Further down are entries; set down exactly and only the lines from the one with "శాతం అక్షరాస్యత సాధించాలి’" up to and including the one with "image for item", dropping each picture.

START DATA EXTRACTS

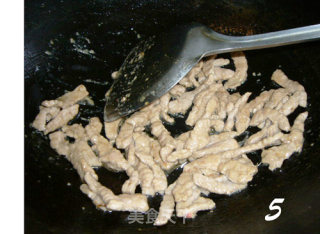 蒜苔炒肉丝的做法步骤：5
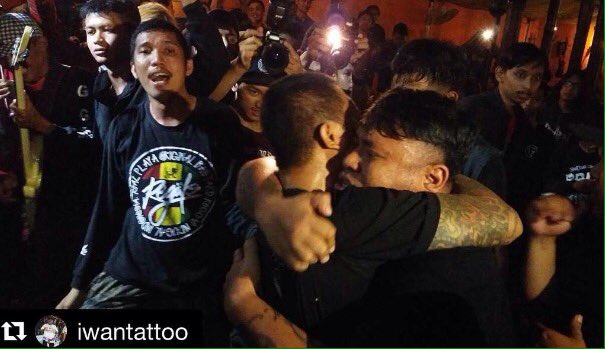 AdnanDKusuma's tweet photo. Moment yang sangat mengharukan. 😭 https://t.co/CGDVbJib4A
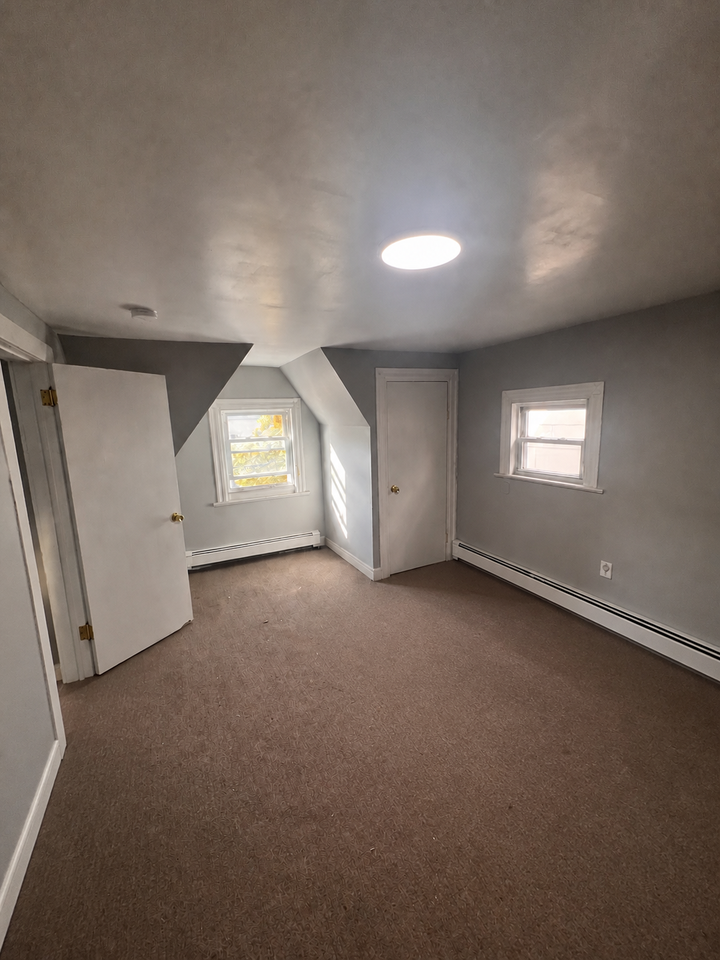 311 Summer Avenue, Unit B - Photo 7 of 13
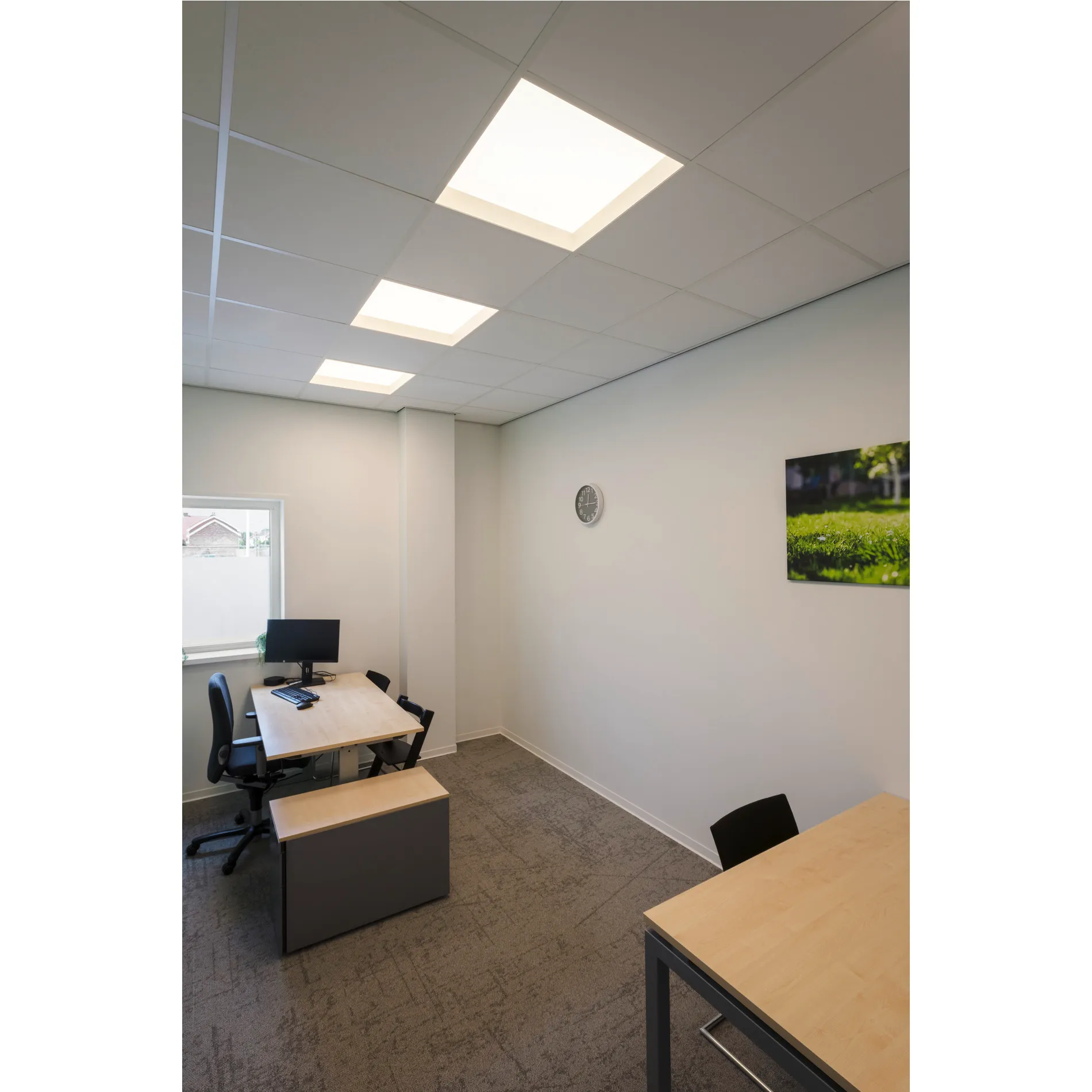 PANEL V 625, 34W 830/840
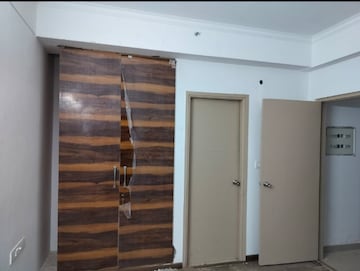 Room in 2 BHK Apartment at ATS Allure, Sector 22d Yamuna Expressway – for Sale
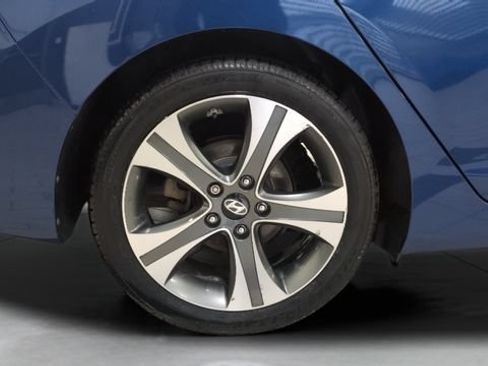 Used 2014 Hyundai Elantra Sport FWD image 25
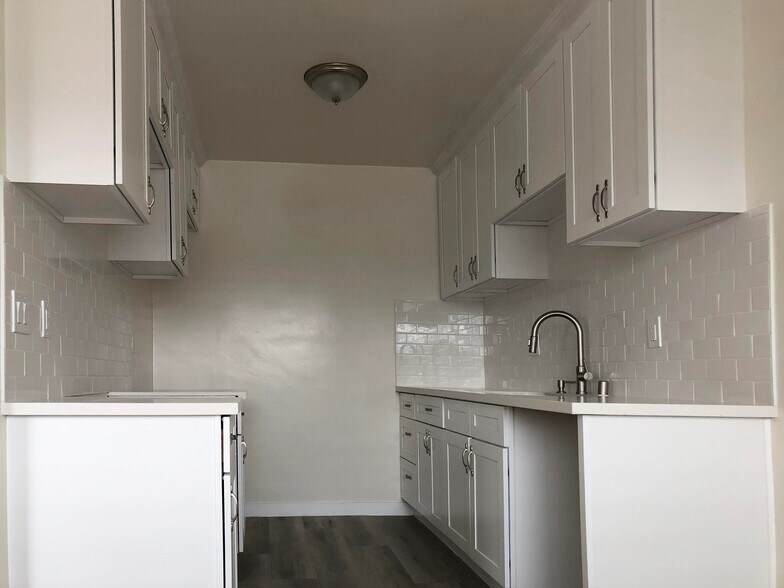 More Photos Of 1518 10th St, Santa Monica Apartments For Sale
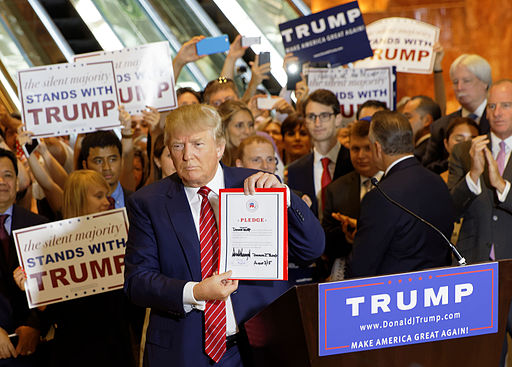 Donald_Trump_Signs_The_Pledge_25.jpg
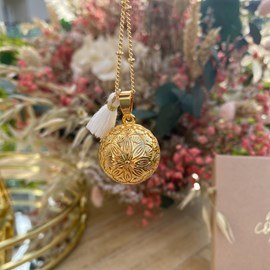 Bola de grossesse or gravé avec pompon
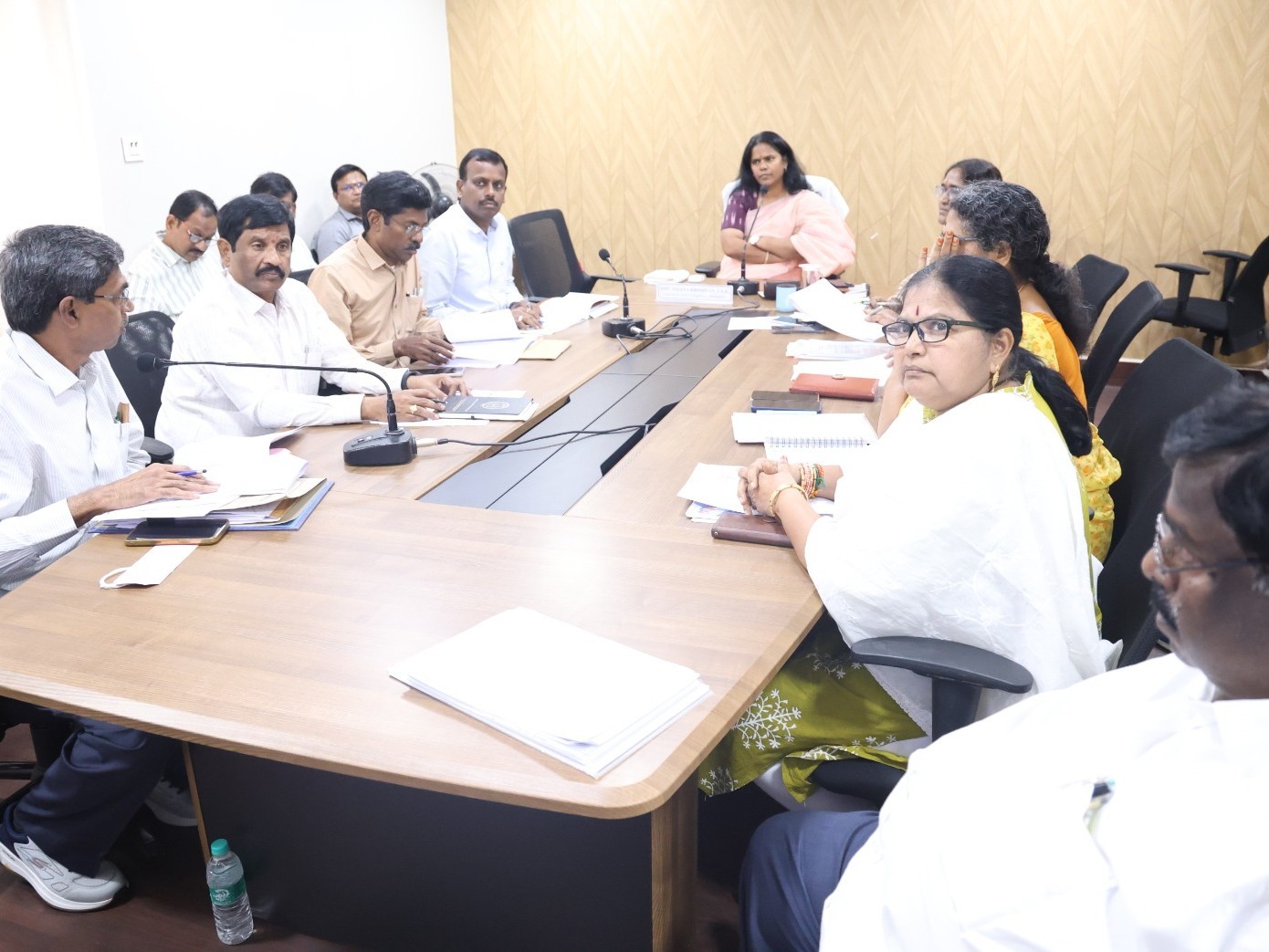 ‘శత శాతం అక్షరాస్యత సాధించాలి’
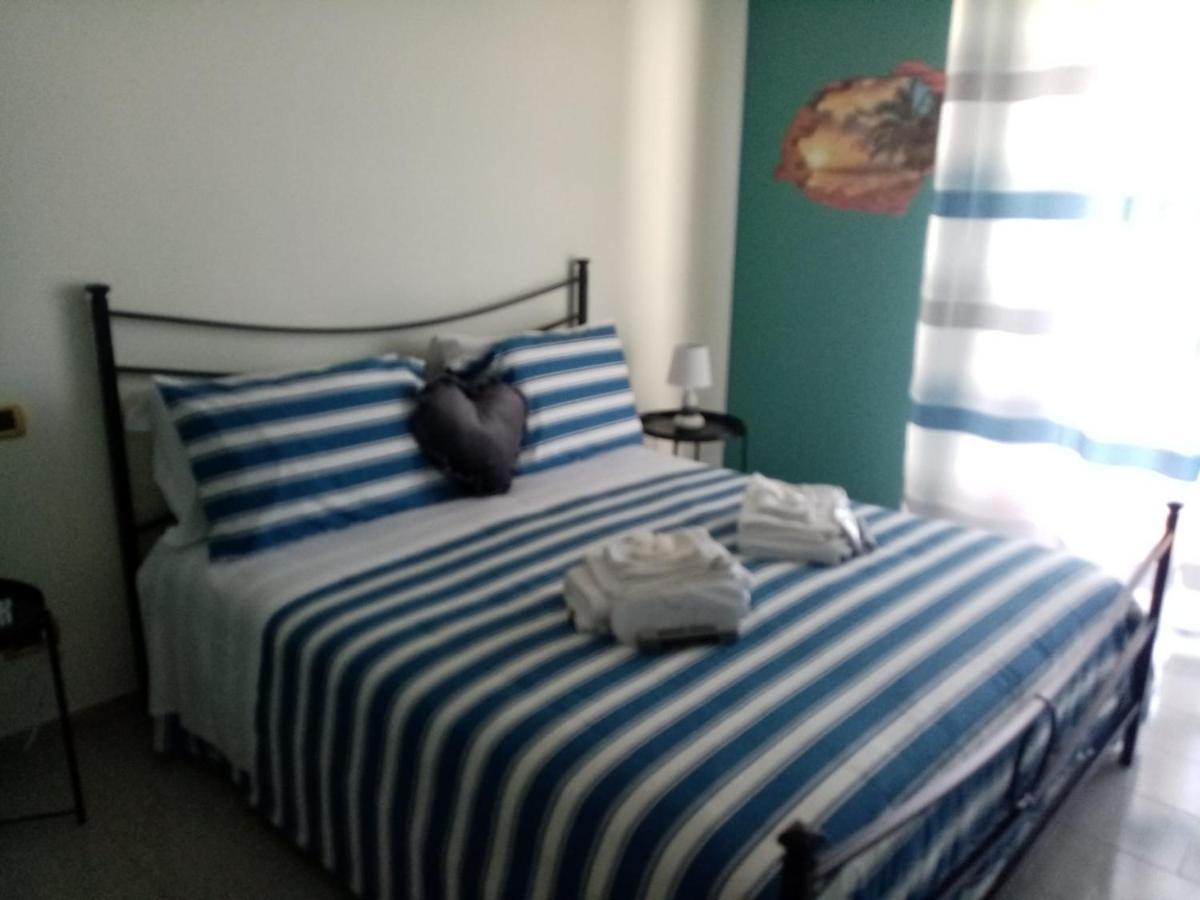 Le Stanze Di Botticelli Bed & Breakfast Termoli Bagian luar foto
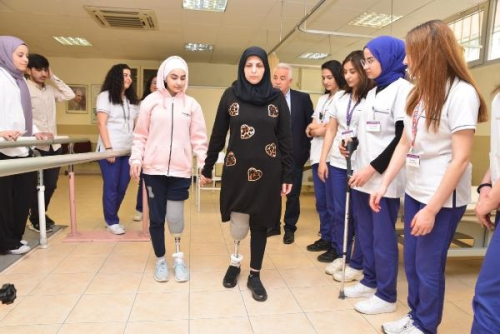 Kahramanmara'ta depremde bacaklarn kaybeden anne ve kz protezlerle ayaa kalkt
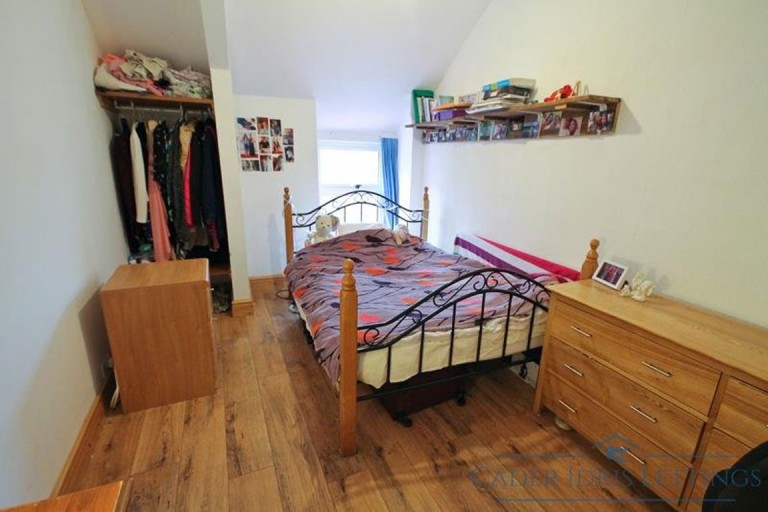 Images for REDUCED 6 Bed Flat, (Top floor) Cliff Terrace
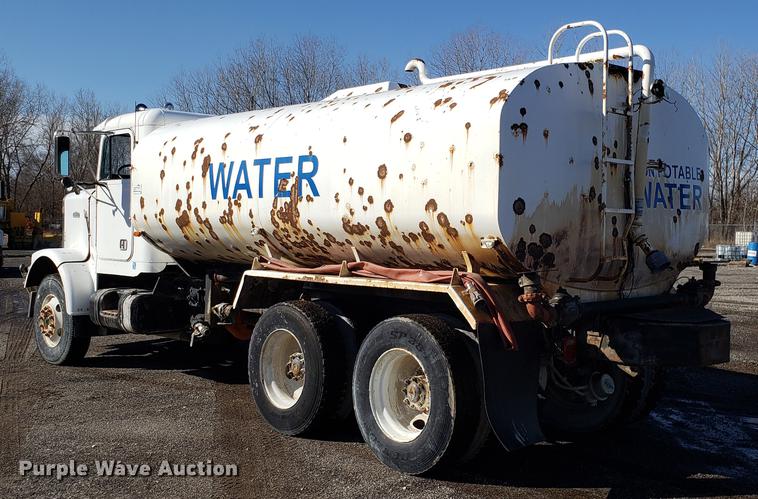 image for item DD3964 1988 Freightliner FLC tank truck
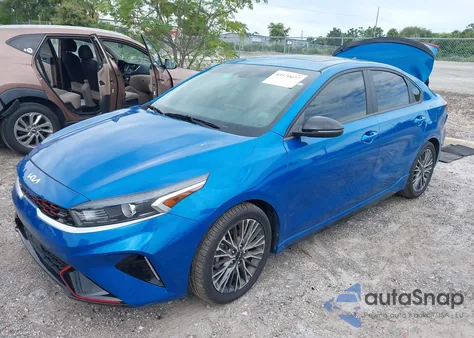 2022 Kia Forte Gt-Line из США, поврежденный, VIN 3KPF54AD2NE422063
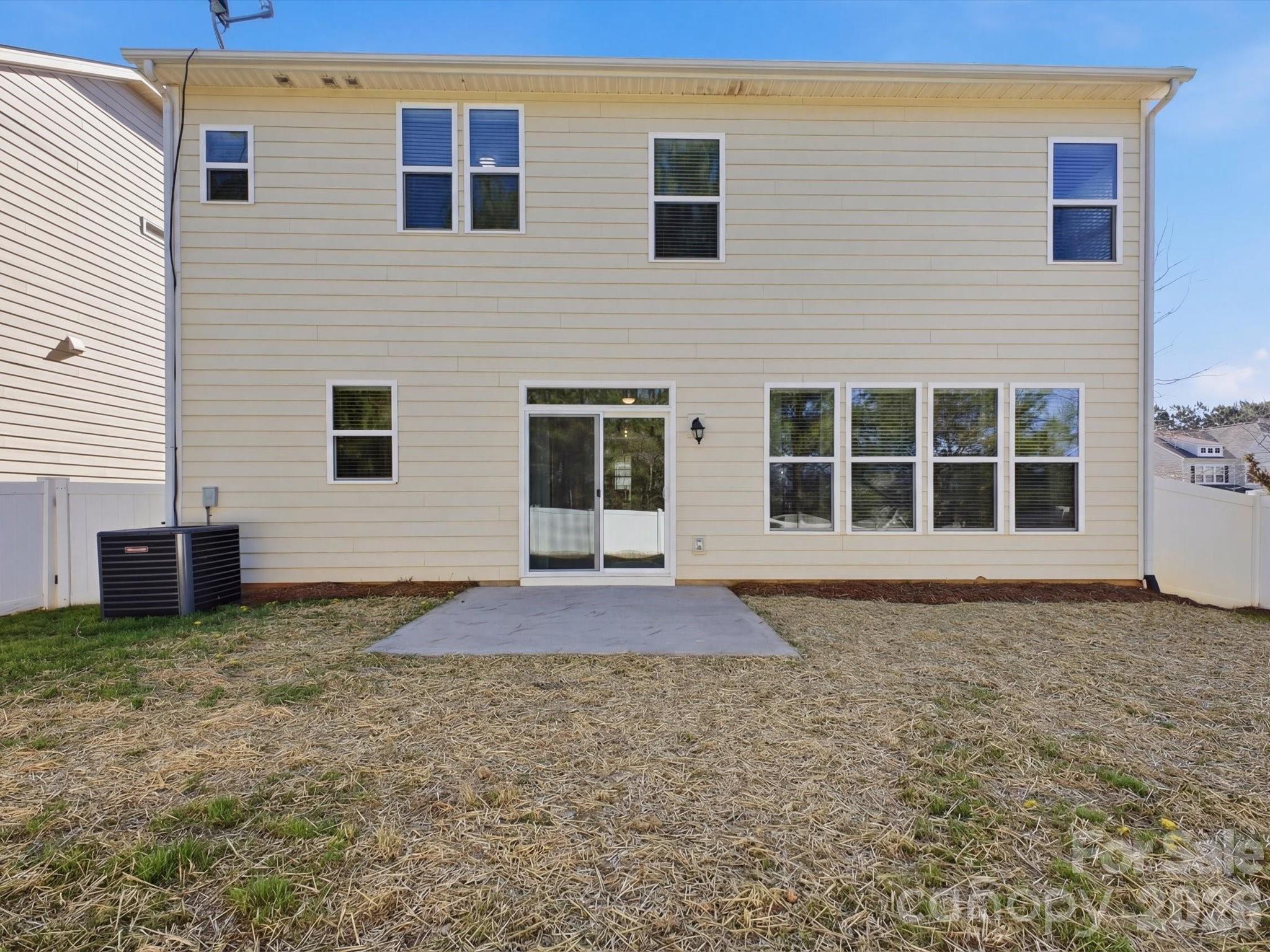 1037 Pennington Drive — Lancaster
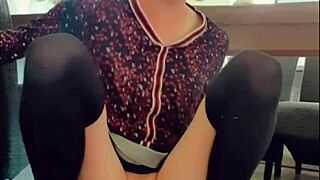 annemieke takes it deep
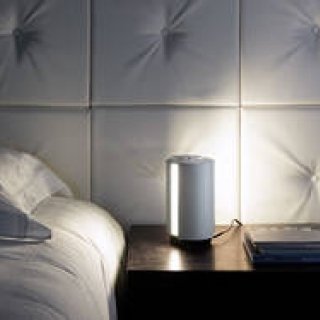 光の強弱を必要に応じて調整可能。シャルロット・ペリアンによるテーブルランプ｜NEMO ギャラリー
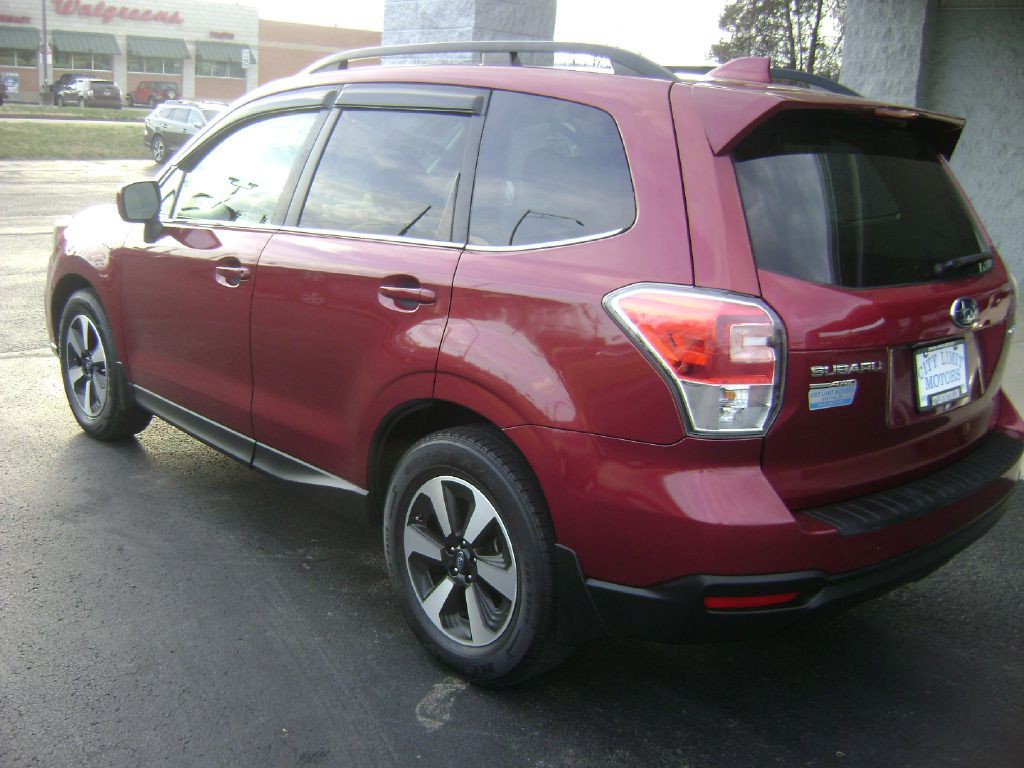 2017 Subaru Forester Image 5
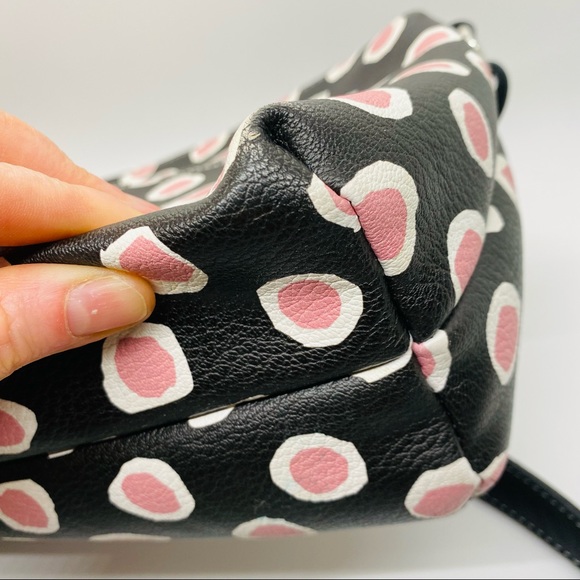 Sydney Love Bags Sydney Love Crossbody Bag Vegan Black And Pink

END DATA EXTRACTS

RESPONSE ▸
 ‘శత శాతం అక్షరాస్యత సాధించాలి’
 Le Stanze Di Botticelli Bed & Breakfast Termoli Bagian luar foto
 Kahramanmara'ta depremde bacaklarn kaybeden anne ve kz protezlerle ayaa kalkt
 Images for REDUCED 6 Bed Flat, (Top floor) Cliff Terrace
 image for item DD3964 1988 Freightliner FLC tank truck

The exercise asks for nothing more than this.